Postie jailed for mailshot theft

A postman who stashed 75,000 letters – 70,000 of which were direct mailings – in his garden shed, after admitting he was too lazy to deliver them, has been jailed for nine months after being convicted of theft.
John Hodson, 33, was caught after Royal Mail bosses placed tracking devices in his daily round.
Although he stole hundreds of pounds in cash and shopping vouchers to try to cover personal debts of £40,000, police found thousands of unopened letters and packages in his garden shed. These included 70,000 pieces of direct mail, which made up the vast majority of his hoard.
Suspicions were raised after 58 greeting cards went missing in the Prestwich area of Manchester. So Royal Mail’s internal investigations team placed a tracking device inside a package containing a £30 shopping voucher.
Hodson was then caught red-handed on CCTV using the voucher two days later in a branch of JD Sports. Two packages containing other tracking devices were found in his car, while his wallet contained £140 in stolen cash. Inside his house, boxes from many more stolen pieces of mail were found in his kitchen bin.
Judge Peter Davies told the postman he was guilty of a “gross breach of trust”. He said: “The public are entitled to expect a reliable, efficient and trustworthy post service. If postmen are believed to steal then that trust goes.
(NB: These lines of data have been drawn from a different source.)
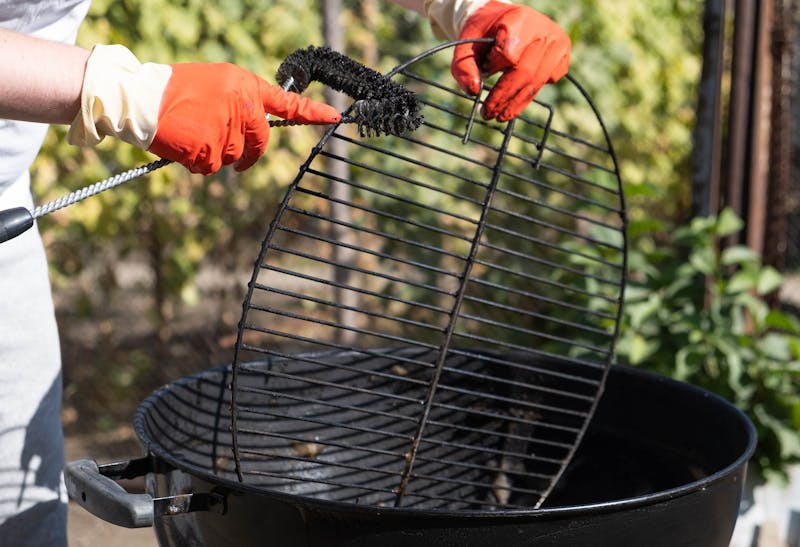 Barbecue rooster schoonmaken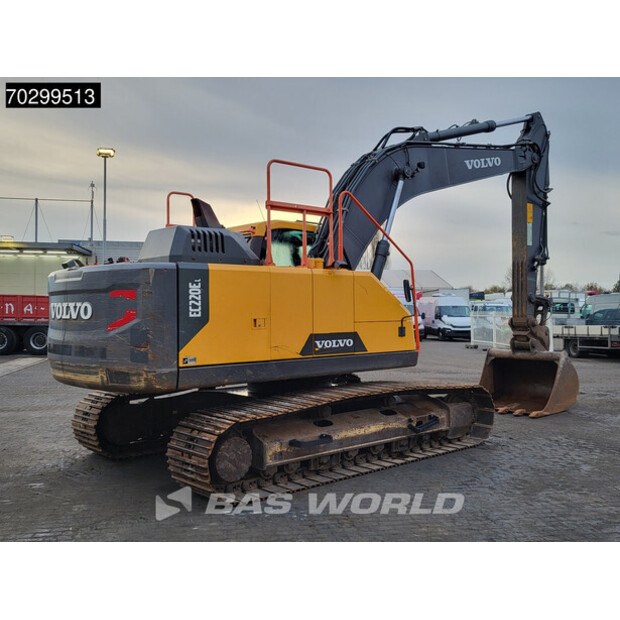 2018 فولفو EC220EL-43752550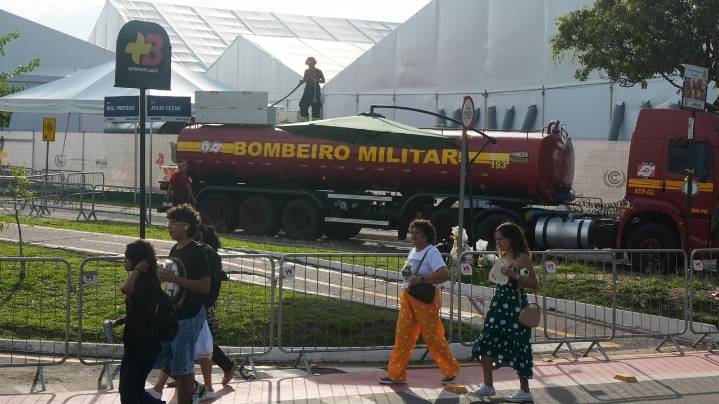 Fire disrupts UN climate talks just as negotiators reach critical final days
Occasionally somebody comes along and lets the public down and that is what you did.”
The Royal Mail said it had “a zero tolerance approach to any dishonesty and that stance is shared by the overwhelming majority of postmen and women, who are honest and hard-working and who do all they can to protect the mail and deliver it safely”.
A spokesman added: “We will always seek to prosecute the tiny minority of people who abuse their position of trust.”